More frequent Vyvgart dosing may be needed in real world: Study

gMG patients in expanded access trial saw symptoms improve

Margarida Maia, PhD avatar

by Margarida Maia, PhD |

Share this article:

Share article via email
A patient in a hospital bed receives infusion therapy.

Patients who received Vyvgart (efgartigimod alfa) as part of an expanded access program required more frequent dosing to treat generalized myasthenia gravis (gMG) than what was used during clinical testing, according to a small study in the Netherlands.

Study findings also showed that more than half of the patients, who had refractory or hard-to-treat disease, saw an improvement in symptoms, and most were able to reduce or stop other medications.

The study, “Efgartigimod in refractory autoimmune myasthenia gravis,” was published in the journal Muscle & Nerve.

Argenx’s Vyvgart works by blocking a protein called neonatal Fc receptor (FcRn), which extends the time antibodies remain circulating in the bloodstream by preventing their destruction. Blocking FcRn helps clear antibodies from circulation, including the harmful ones that drive MG.

Infused into the bloodstream once weekly over four-week cycles, Vyvgart is approved to treat adults who have self-reactive antibodies against the acetylcholine receptor, the most common ones found in MG patients. However, Vyvgart appears to work just as well when given every other week, broadening options for personalized treatment.

Recommended Reading
main banner for Mark Harrington's

Navigating uncertainty in life with myasthenia gravis

Weekly infusions for four weeks in study

Researchers reviewed the medical records of 16 adults with gMG — 11 women and five men — who received Vyvgart as part of an expanded access program put in place after the medication was approved in the European Union. The program gave patients access to Vyvgart before it was available on the market.

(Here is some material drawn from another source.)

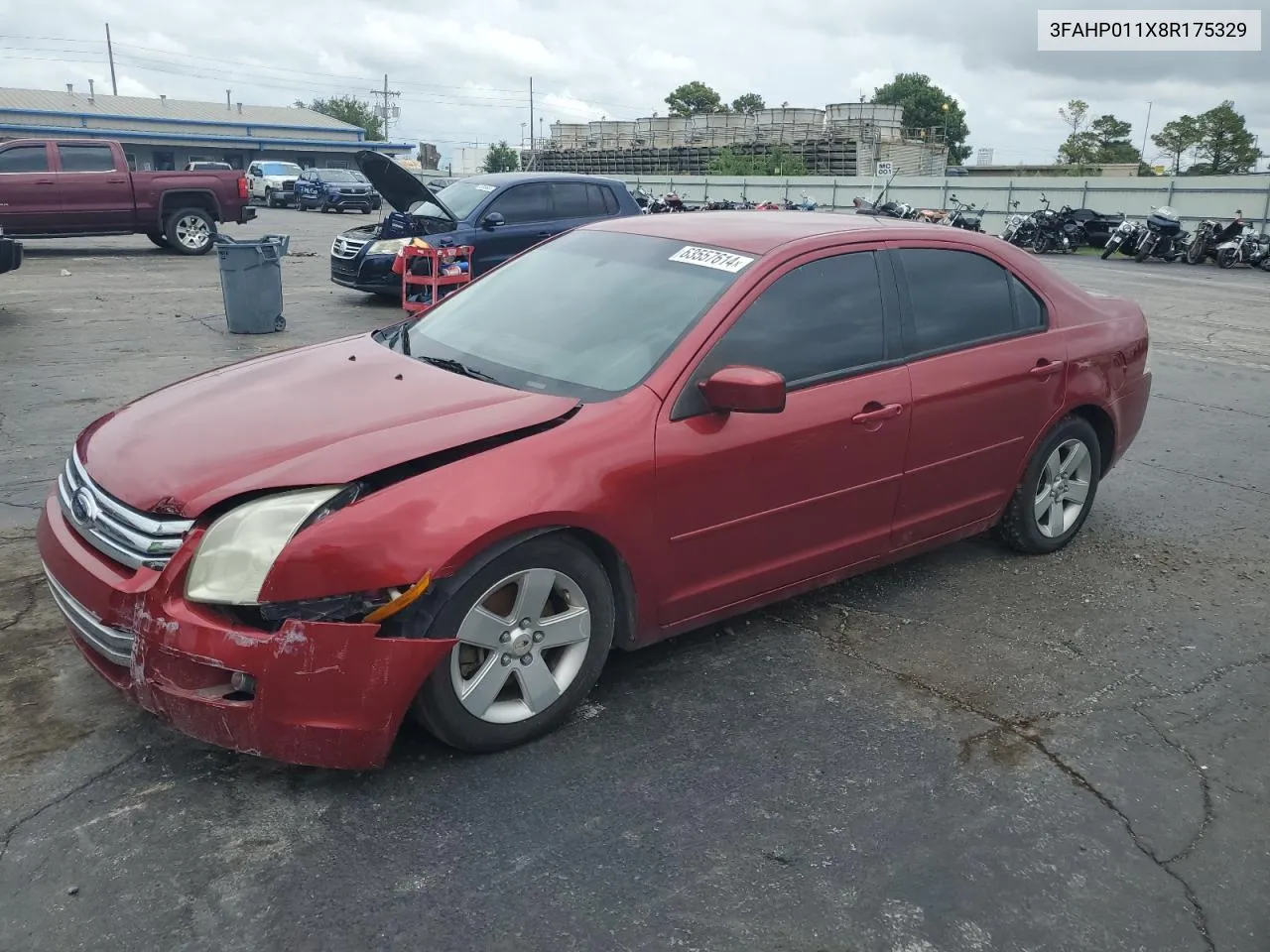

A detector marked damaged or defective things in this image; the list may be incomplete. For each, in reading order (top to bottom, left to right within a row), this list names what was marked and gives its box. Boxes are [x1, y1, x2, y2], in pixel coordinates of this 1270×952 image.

The patients, with a mean age of 47.3, had been living with the disease for a median of 12 years. All had been treated with corticosteroids and non-steroidal immunosuppressant medications, and most had received intravenous immunoglobulin (94%) and/or plasma exchange (88%).

Vyvgart was infused in the hospital once weekly for four weeks. One patient only received two infusions during these first four weeks. Doctors then adjusted how often Vyvgart was given based on a patient’s symptoms, levels of circulating antibodies, and side effects.

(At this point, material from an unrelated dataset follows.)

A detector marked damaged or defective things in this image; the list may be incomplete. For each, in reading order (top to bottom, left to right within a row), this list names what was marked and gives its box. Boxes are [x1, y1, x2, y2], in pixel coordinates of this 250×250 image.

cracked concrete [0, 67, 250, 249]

After four weeks, nine (56.3%) patients had a favorable outcome, defined as a clinically meaningful improvement on at least two disease measures or being able to reduce or stop corticosteroids or stop intravenous immunoglobulin or plasma exchange, without needing rescue medications.

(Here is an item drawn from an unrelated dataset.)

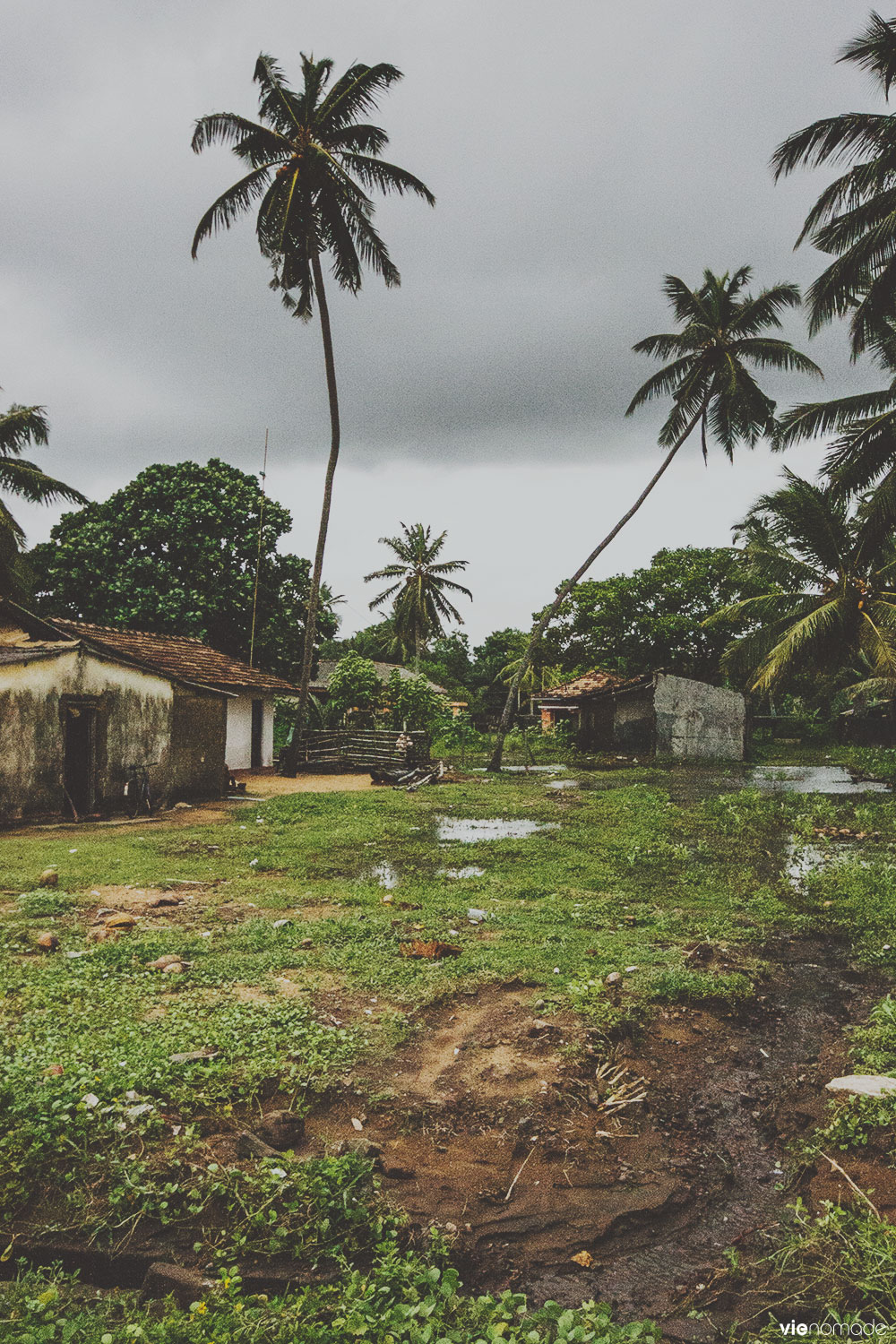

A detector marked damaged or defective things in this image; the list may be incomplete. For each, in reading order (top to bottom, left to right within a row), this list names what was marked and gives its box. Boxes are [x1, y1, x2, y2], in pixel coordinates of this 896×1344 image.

Measures included the MG Activities of Daily Living (MG-ADL) scale, which looks at how the disease impacts patients’ daily functions. Over the four-week cycle, MG-ADL scores dropped by a mean of 4.37 points, indicating a clinically meaningful improvement.

In the Quantitative MG (QMG) and MG Composite (MGC) scales, where a clinically meaningful improvement was defined as a reduction of three points or more, scores dropped by a mean of 4.93 points and 7.6 points, respectively.

Recommended Reading

Helpline introduced for patients living with myasthenia gravis

Better quality of life

Vyvgart also resulted in better quality of life over four weeks, as measured by a mean reduction of 5.75 points on the 15-item revised version of the MG Quality of Life (MG-QoL15r) questionnaire. Lower scores on the questionnaire indicate better quality of life.

The improvement in MGC scores was sustained until the last visit at a median of 20 weeks, or 4.6 months, and on the MGQoL15r questionnaire until a median of 24 weeks, or 5.5 months, but not in the two other measures of disease activity.

Five patients used rescue medications after a median of 56 days, or nearly two months. Of the four patients who discontinued treatment with Vyvgart, all stopped within the first 100 days, three of them “because of lack of efficacy,” the researchers wrote.

Vyvgart’s approval was largely based on data from the Phase ADAPT trial (NCT03669588), in which patients were given Vyvgart once weekly over four-week cycles. In this study, however, “all patients switched to a one, two, or three weekly frequency,” the researchers wrote.

Despite more frequent dosing, the levels of antibodies in the patients’ blood remained stable; that is, they did not fall “below safety thresholds,” the researchers said. Most patients (80%) reduced their doses of corticosteroids or azathioprine or required fewer doses of intravenous immunoglobulin or sessions of plasma exchange.

While Vyvgart “was effective for at least half of all patients,” the researchers wrote, “patients required more frequent dosing” than in the ADAPT clinical study. “Our experience provides insights to better delineate the long-term effectiveness” of Vyvgart for refractory gMG, they wrote.